Generally speaking, it's not done a lot but it is mostly because for most applications, such as HomeAssistant, they are not "OpenZiti aware" and aren't really capable of operating in this sort of mode.
That said, however, I've recently added OpenZiti support to the EdgeX Foundry suite of core microservices by integrating an OpenZiti SDK directly into those microservices. As such, I could make this exact decision and the EdgeX Foundry team agreed that it makes sense to allow OpenZiti to offload some of that authorization work.
I would say this situation is entirely a case-by-case type of decision. I don't think there's any sort of "best practice". Sometimes that makes sense, sometimes you might want to layer on other authorization schemes.
When preparing for the final production deployment, concerns about network availability arose.
I'm concerned with the single point of failure being the network controller and the lack of autonomous functioning per site basis.
If there's maintenance on the controller's server, the whole networks grinds to a halt.
If a network were disconnected on a site, every device on a specific site wouldn't be able to communicate with each other.

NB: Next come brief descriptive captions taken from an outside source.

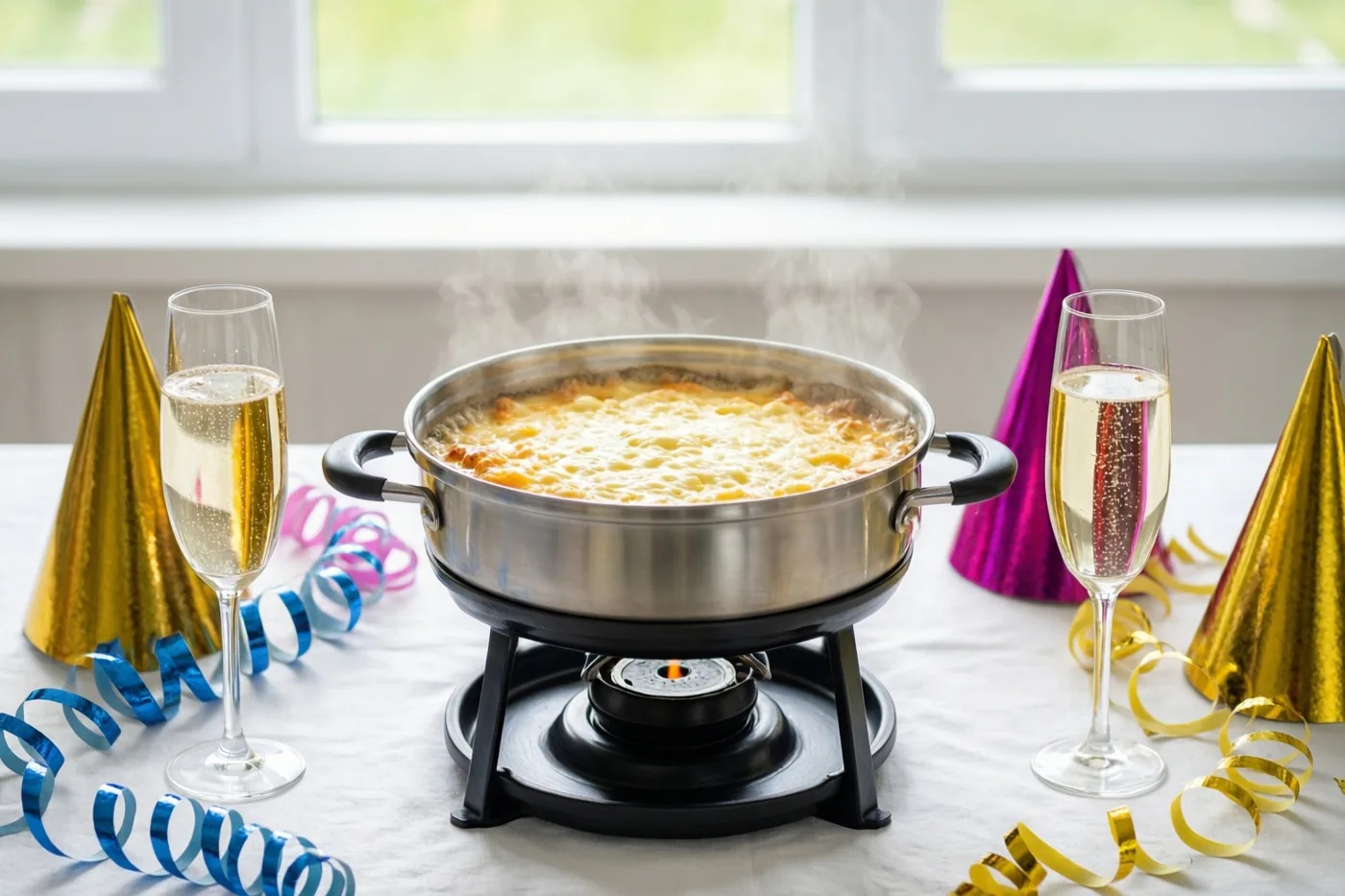 Een metalen pot dampende kaasfondue staat op een brandertje op een wit tafelkleed tussen champagneglazen, kleurrijke feesthoedjes en metallic slingers bij een raam met daglicht.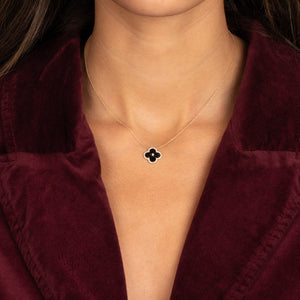 Diamond Pave Outline Colored Stone Pendant Necklace 10K - Adina Eden's Jewels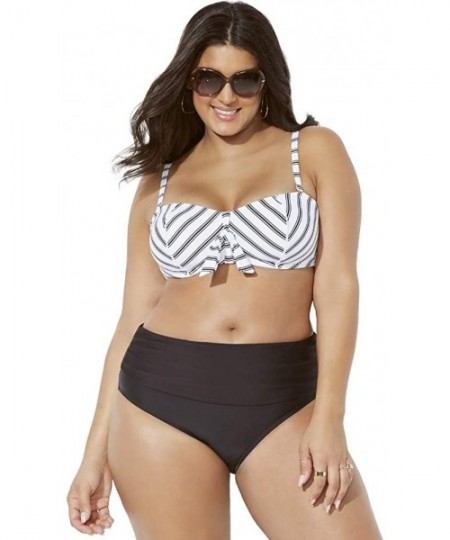 Sets Swimsuits for All Women's Plus Size Scout Underwire Bikini Set with Foldover Brief - Black White Stripe. - CL18NGMO36H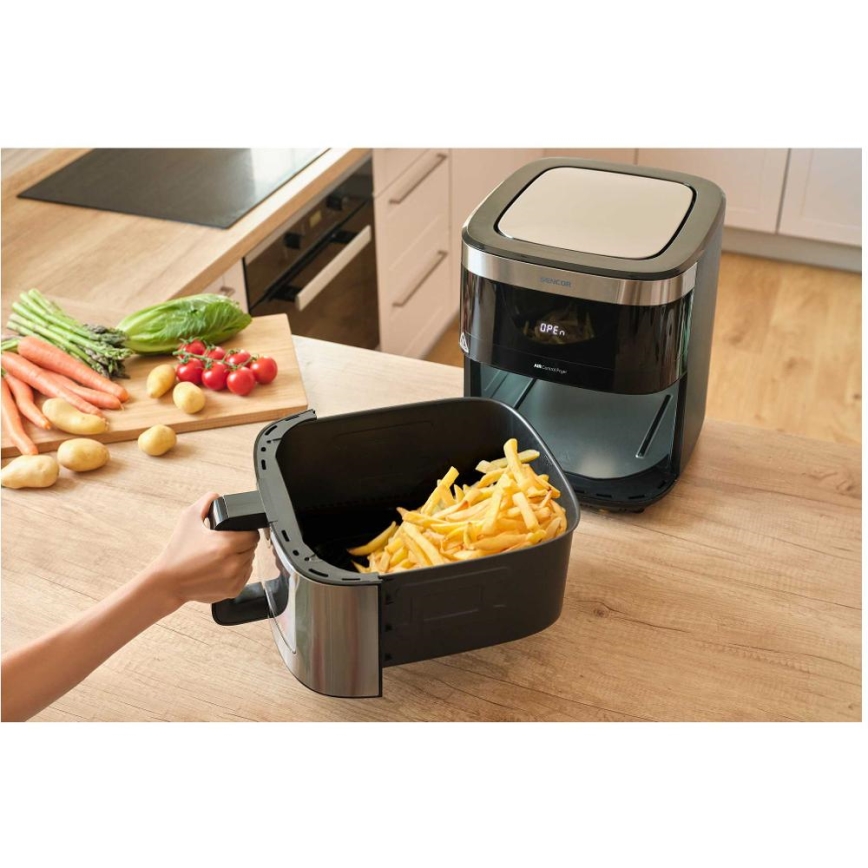 Sencor - Karštų orą cirkuliuojanti gruzdintuvė 9 l 1700W/230V juoda/matinis chromas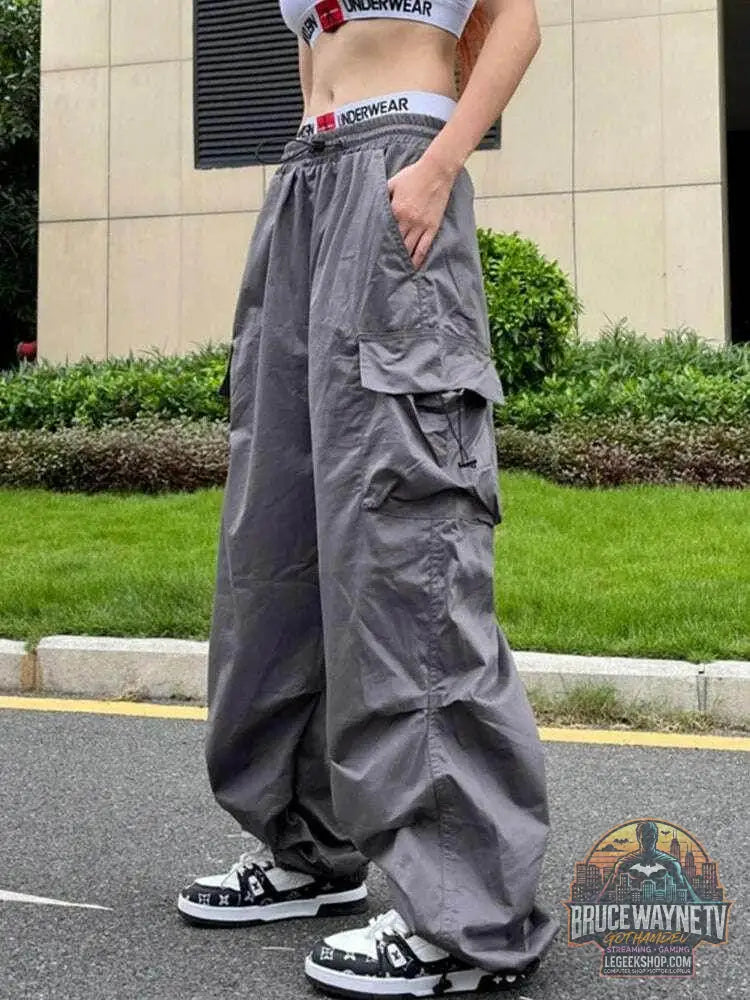 Pantalon de survêtement baggy à jambes larges pour femmes, pantalon noir parachute Y2K, Streetwear Hiphelicopter, poches surdimensionnées, Cargo FjHarajuku | Wayne Outfitters - Legeekshop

I believe that there should be a local authority at each site, and these networks should then be connected on a per-policy basis.
This solution would render the whole network more robust, and there would be no single point of failure.
YES! Love that book, was my first read when I joined NetFoundry (the company behind OpenZiti) as I needed to learn what 'zero trust' was
One part I have referenced a lot is the idea of a 'Hardware-based Zero Trust Supplicant' (HBZTS) on pg. 140. This centers around devices/systems which cannot install a zero trust agent - they give the example of HVAC. They theorise a HBZTS as a low cost device which has a hardware identity (TPM chip etc) which can be consumed by the zero trust overlay and plugs directly into a legacy device's Ethernet port. You can then pair the two in your inventory management system can allow for seamless integration between legacy devices and a zero trust network. As soon as the HBZTS intercepts the protocol it encapsulates packets to provide identity, encryption (e.g., mTLS, E2EE), authentication/authorisation etc to whatever on the other side of the overlay network (hosting or accessing services). They kept it only as an idea though, as they stated at the time that a ZTBHS was pure fantasy.
When we created OpenZiti though this statement was no longer correct. OpenZiti can be installed on a low cost device, and provide exactly this functionality. Uniquely we can solve it in different ways too, due to our development of SDKs - for example, I am working with an industrial process automation company which is using the C SDK to embed ZTN into their industrial HW.
As Clint points out though, they position zero trust technology in slightly different ways to which OpenZiti operates as they were applying ZT with technology that existed at the time, not what OpenZiti would make possible. For example, (but don't quote me as its been many years since I read it), I am very sure they suggest using different technologies for north-south vs east-west traffic (pretty sure the former was IPSec), whereas we built OpenZiti to implement zero trust networking principles for any use case, N-S or E-W.
Finally, while I am sure Clint (or others) will give a better answer, your concern is valid but not completely correct. If the controller is unavailable (in non-HA), the network does not grind to a halt. Existing, authenticated connections in the data plane will continue, only new connections cannot be made. For the last few years we have been developing HA controllers, currently released in Alpha-3 (Release v1.1.1 · openziti/ziti · GitHub, Controller HA · GitHub).